Overview

Flink Kubernetes Operator acts as a control plane to manage the complete deployment lifecycle of Apache Flink applications. Although Flink’s native Kubernetes integration already allows you to directly deploy Flink applications on a running Kubernetes(k8s) cluster, custom resources and the operator pattern have also become central to a Kubernetes native deployment experience.

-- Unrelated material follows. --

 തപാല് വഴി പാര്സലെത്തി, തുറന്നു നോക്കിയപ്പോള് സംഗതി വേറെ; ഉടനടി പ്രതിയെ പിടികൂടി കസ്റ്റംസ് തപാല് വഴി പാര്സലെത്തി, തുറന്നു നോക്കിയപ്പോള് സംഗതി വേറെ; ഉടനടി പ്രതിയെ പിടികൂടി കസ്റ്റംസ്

Flink Kubernetes Operator aims to capture the responsibilities of a human operator who is managing Flink deployments. Human operators have deep knowledge of how Flink deployments ought to behave, how to start clusters, how to deploy jobs, how to upgrade them and how to react if there are problems. The main goal of the operator is the automation of these activities, which cannot be achieved through the Flink native integration alone.

Features

Core

  • Fully-automated Job Lifecycle Management
    • Running, suspending and deleting applications
    • Stateful and stateless application upgrades
    • Triggering and managing savepoints
    • Handling errors, rolling-back broken upgrades
  • Multiple Flink version support: v1.16, v1.17, v1.18, v1.19, v1.20
  • Deployment Modes:
    • Application cluster
    • Session cluster
    • Session job
  • Built-in High Availability
  • Extensible framework
  • Advanced Configuration management
    • Default configurations with dynamic updates
    • Per job configuration
    • Environment variables
  • POD augmentation via Pod Templates
    • Native Kubernetes POD definitions
    • Layering (Base/JobManager/TaskManager overrides)
  • Job Autoscaler
    • Collect lag and utilization metrics
    • Scale job vertices to the ideal parallelism
    • Scale up and down as the load changes
  • Snapshot management
    • Manage snapshots via Kubernetes CRs

Operations

Built-in Examples

The operator project comes with a wide variety of built in examples to show you how to use the operator functionality. The examples are maintained as part of the operator repo and can be found here.

What is covered:

  • Application, Session and SessionJob submission
  • Checkpointing and HA configuration
  • Java, SQL and Python Flink jobs
  • Ingress, logging and metrics configuration
  • Advanced operator deployment techniques using Kustomize
  • And some more…

Known Issues & Limitations

JobManager High-availability

The Operator supports both Kubernetes HA Services and Zookeeper HA Services for providing High-availability for Flink jobs. The HA solution can benefit form using additional Standby replicas, it will result in a faster recovery time, but Flink jobs will still restart when the Leader JobManager goes down.

JobResultStore Resource Leak

To mitigate the impact of FLINK-27569 the operator introduced a workaround FLINK-27573 by setting job-result-store.delete-on-commit=false and a unique value for job-result-store.storage-path for every cluster launch. The storage path for older runs must be cleaned up manually, keeping the latest directory always:

  1. ls -lth /tmp/flink/ha/job-result-store/basic-checkpoint-ha-example/
  2. total 0
  3. drwxr-xr-x 2 9999 9999 40 May 12 09:51 119e0203-c3a9-4121-9a60-d58839576f01 <- must be retained
  4. drwxr-xr-x 2 9999 9999 60 May 12 09:46 a6031ec7-ab3e-4b30-ba77-6498e58e6b7f
  5. drwxr-xr-x 2 9999 9999 60 May 11 15:11 b6fb2a9c-d1cd-4e65-a9a1-e825c4b47543

AuditUtils can log sensitive information present in the custom resources

As reported in FLINK-30306 when Flink custom resources change the operator logs the change, which could include sensitive information. We suggest ingesting secrets to Flink containers during runtime to mitigate this. Also note that anyone who has access to the custom resources already had access to the potentially sensitive information in question, but folks who only have access to the logs could also see them now. We are planning to introduce redaction rules to AuditUtils to improve this in a later release.